The Aeronautical Information Manual, paragraph 574 states, “Your first experience of flying over mountainous terrain, particularly if most of your flight time has been over the flatlands of the Midwest, could be a never-to-be-forgotten nightmare if you are not aware of the potential hazards awaiting … Many pilots go all their lives without understanding what a mountain wave is. Quite a few have lost their lives because of this lack of understanding. One need not be a licensed meteorologist to understand the mountain wave phenomenon.” 

Perhaps other than IFR weather, nothing affects the pilot flying in the mountains more than the mountain wave.
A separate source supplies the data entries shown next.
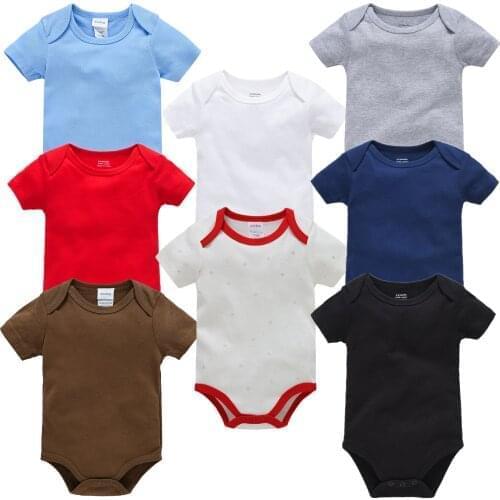 8PCS Summer Clothing Newborn Infant Baby Girl Clothes Short Sleeve Cartoon Bodysuit Unisex Jumpsuit 100% Cotton Playsuit Outfit
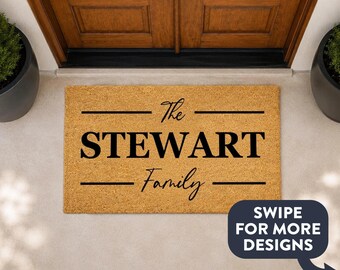 Personalised Name Doormat | Custom Family Mat | Housewarming Present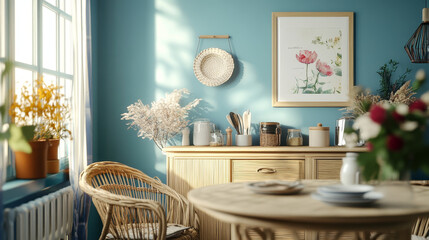 Warm and cozy dining room and kitchen interior with mock up poster frame, round table, rattan chair, beige commode, blue wall, vase with flowers and kitchen accessories. Home decor. Template.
To develop an understanding of the mountain wave, we need to ask and answer some questions:

  • What is a mountain wave?

  • What forms it?

  • Why is it of concern to pilots?

  • What are its distinguishing characteristics?

  • How do we deal with it?

 

The most distinctive characteristic of the mountain wave is the lenticular cloud. This is a "signpost of the sky" indicating that mountain wave activity is present.

Someone has come up with all kinds of names for the mountain wave. There is the:

  • Mountain wave

  • Standing wave

  • Lee wave

  • Gravity wave

  • Standing lenticular

  • ACSL (altocumulus standing lenticularis)

  • Or just plane "wave"

  • Pilots have developed a few names of their own, but we can't mention them here.

The wave that forms over the mountain is more properly called the "mountain wave." The waves downwind from the mountain are the "standing wave" or "lee wave." Pilots have come to accept all of these names for wave activity, regardless of position of the lenticular clouds.

How does the atmosphere go about setting up a mountain wave condition? It needs three elements:

  • Wind flow perpendicular to the mountain range, or nearly so, being within about 30 degrees of perpendicular.

  • An increasing wind velocity with altitude with the wind velocity 20 knots or more near mountaintop level.

  • Either a stable air mass layer aloft or an inversion below about 15,000 feet.

Because of these elements, the weather service is able to predict the mountain wave condition with over 90-percent accuracy.


Figure 1

Figure 2


Figure 3

In figure 1, we have likened an atmosphere with low stability to a flimsy spring that offers little resistance to vertical motion. So while the lower coils move easily up and over the mountain, the jolt received at ground level is not transmitted very far upward.

Figure 2 represents a stable atmosphere that is similar to a tough, heavy spring. This air, when it strikes the mountains, tends to suppress internal vertical motion. It is essentially too tough for oscillations to be set up.

In figure 3 we have an arrangement of a strong coil sandwiched between two weaker springs to simulate an atmosphere with a stable layer sandwiched between areas of lesser stability. With this arrangement it is conceivable that the strong spring will continue to bounce up and down for some time after the parcel of air has crossed the mountain ridge. With a stable layer (or inversion aloft) the air stream is both flexible enough to be set in vertical motion and elastic enough to maintain that motion as a series of vertical oscillations.

As the air ascends, it cools and condenses out moisture, forming the distinctive lenticular clouds. As it descends, it compresses and the heat of compression reabsorbs the moisture. It goes through this up and down action many times forming a distinctive lenticular cloud at the apex of each crest, providing there is sufficient moisture present for the cloud formation.

The up-and-down action forms a trough at the bottom of its flow and a crest at the top of the flow. The distance from trough to trough (or crest to crest) is called the wave length. The wave length is directly proportional to wind velocity and inversely proportional to stability.

The wave length is used for visualization. In the area from the trough to the crest is an area of updrafts. The area from the crest to the trough is predominately downdrafts.

In the intermountain west the wave length can vary from about 2 nautical miles to over 25 nautical miles. It averages 8 miles and extends downrange about 150-300 nautical miles. Satellite photos have shown the wave capable of extending over 700-nautical miles downwind from the mountain range.